#### YOUR OBJECTIVE
Skip all pictures. Write out the data below from its first line through the line that contains "Livre de données sur le tir sportif - cover".

#### EXCERPTED DATA
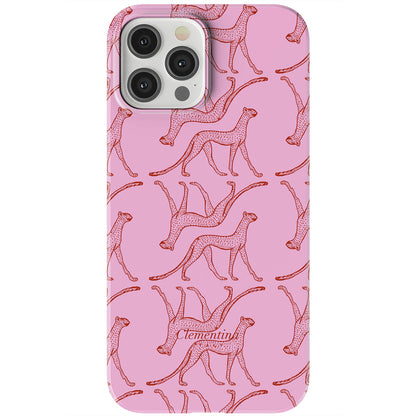 Panthera Rosa Tough Case
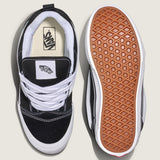 Zapatilla Junior (8 a 14 años) Knu Skool Negro Vans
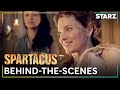 Spartacus Gods Of The Arena The Women STARZ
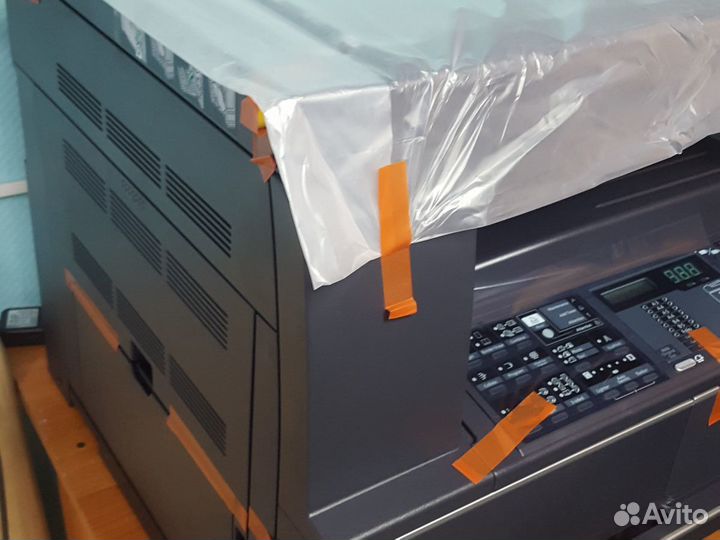 Запчасти для Kyocera TASkalfa 181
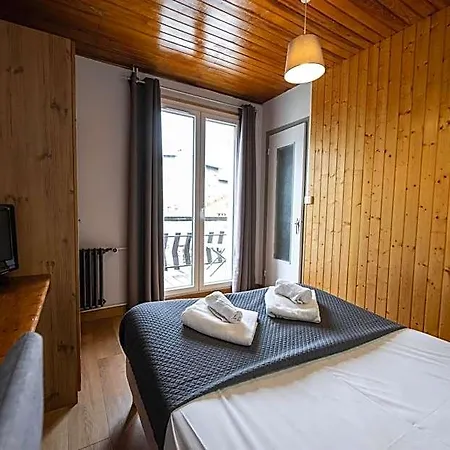 Hotel Les Flocons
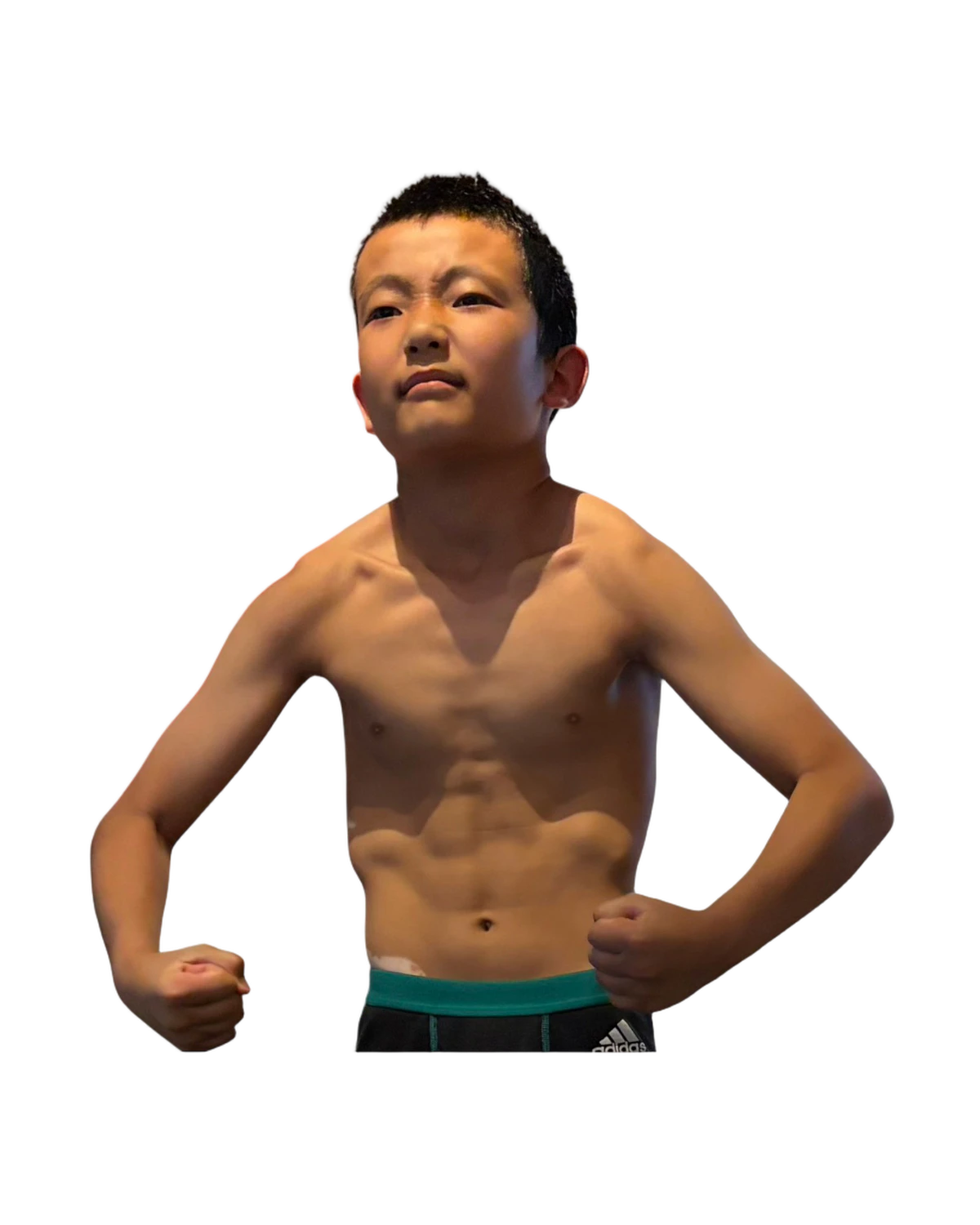 山中 新太選手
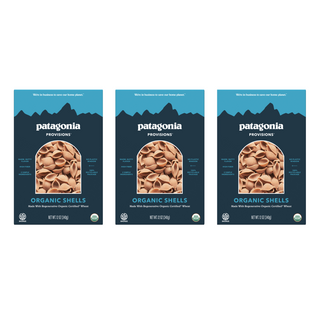 Organic Pasta Shells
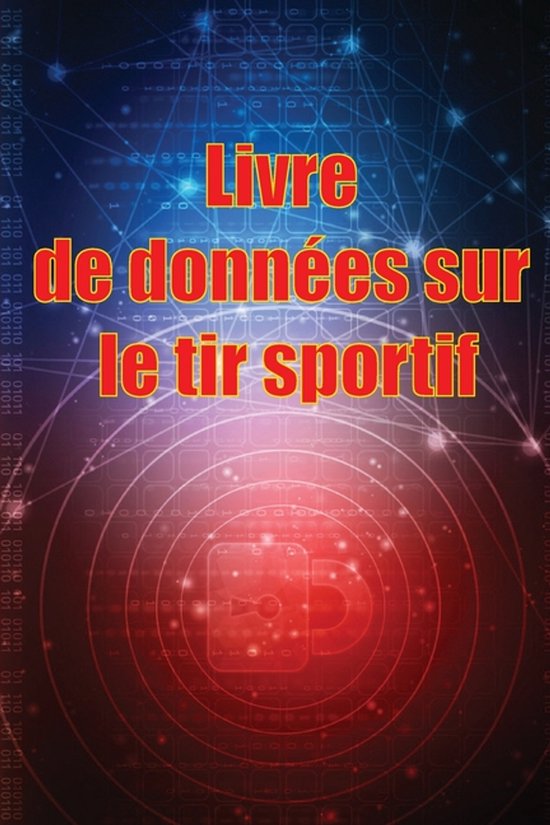 Livre de données sur le tir sportif - cover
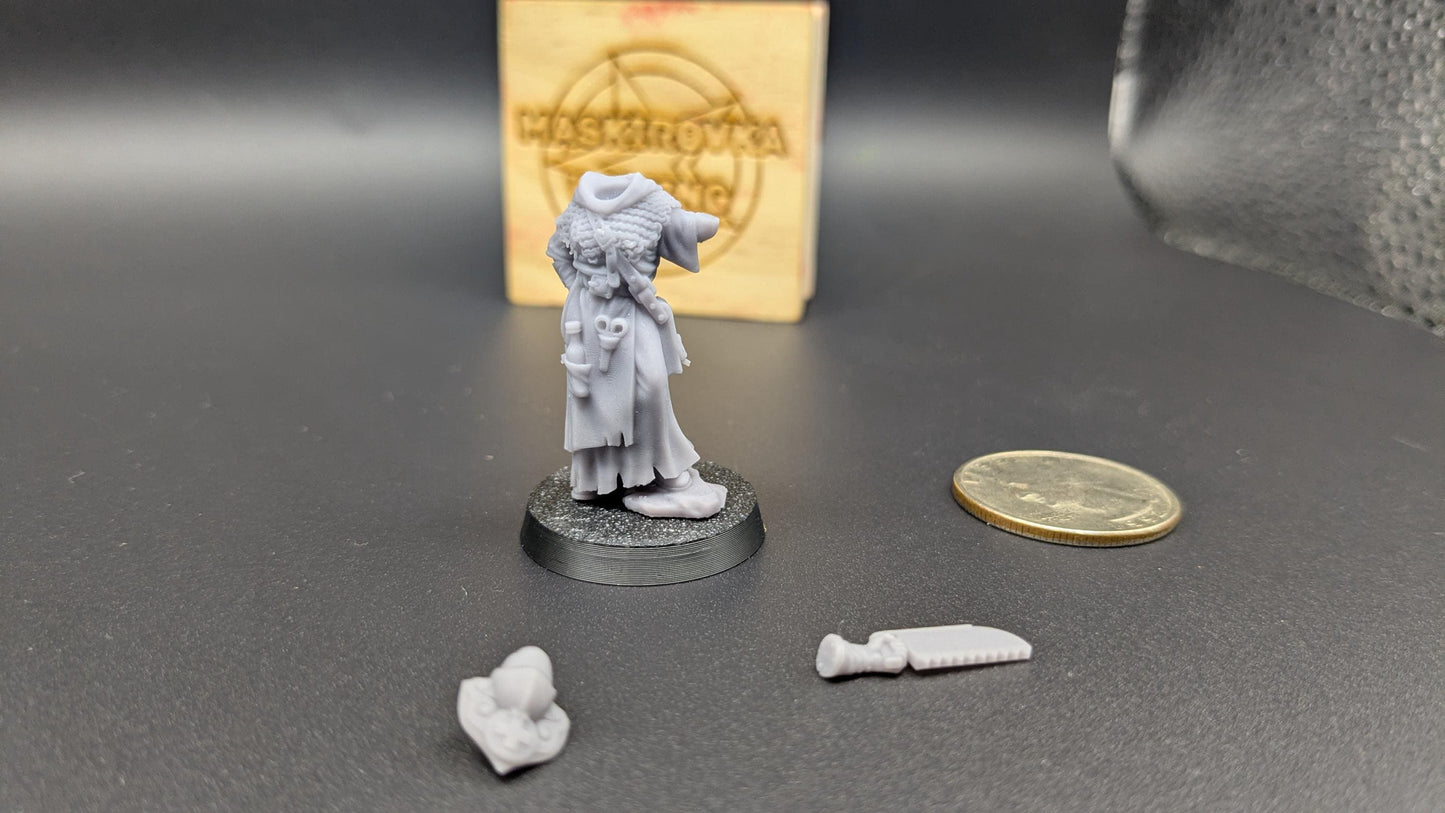 Steel Union Sawbones Ada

#### EXERCISE ANSWER
 Panthera Rosa Tough Case
 Zapatilla Junior (8 a 14 años) Knu Skool Negro Vans
 Spartacus Gods Of The Arena The Women STARZ
 Запчасти для Kyocera TASkalfa 181
 Hotel Les Flocons
 山中 新太選手
 Organic Pasta Shells
 Livre de données sur le tir sportif - cover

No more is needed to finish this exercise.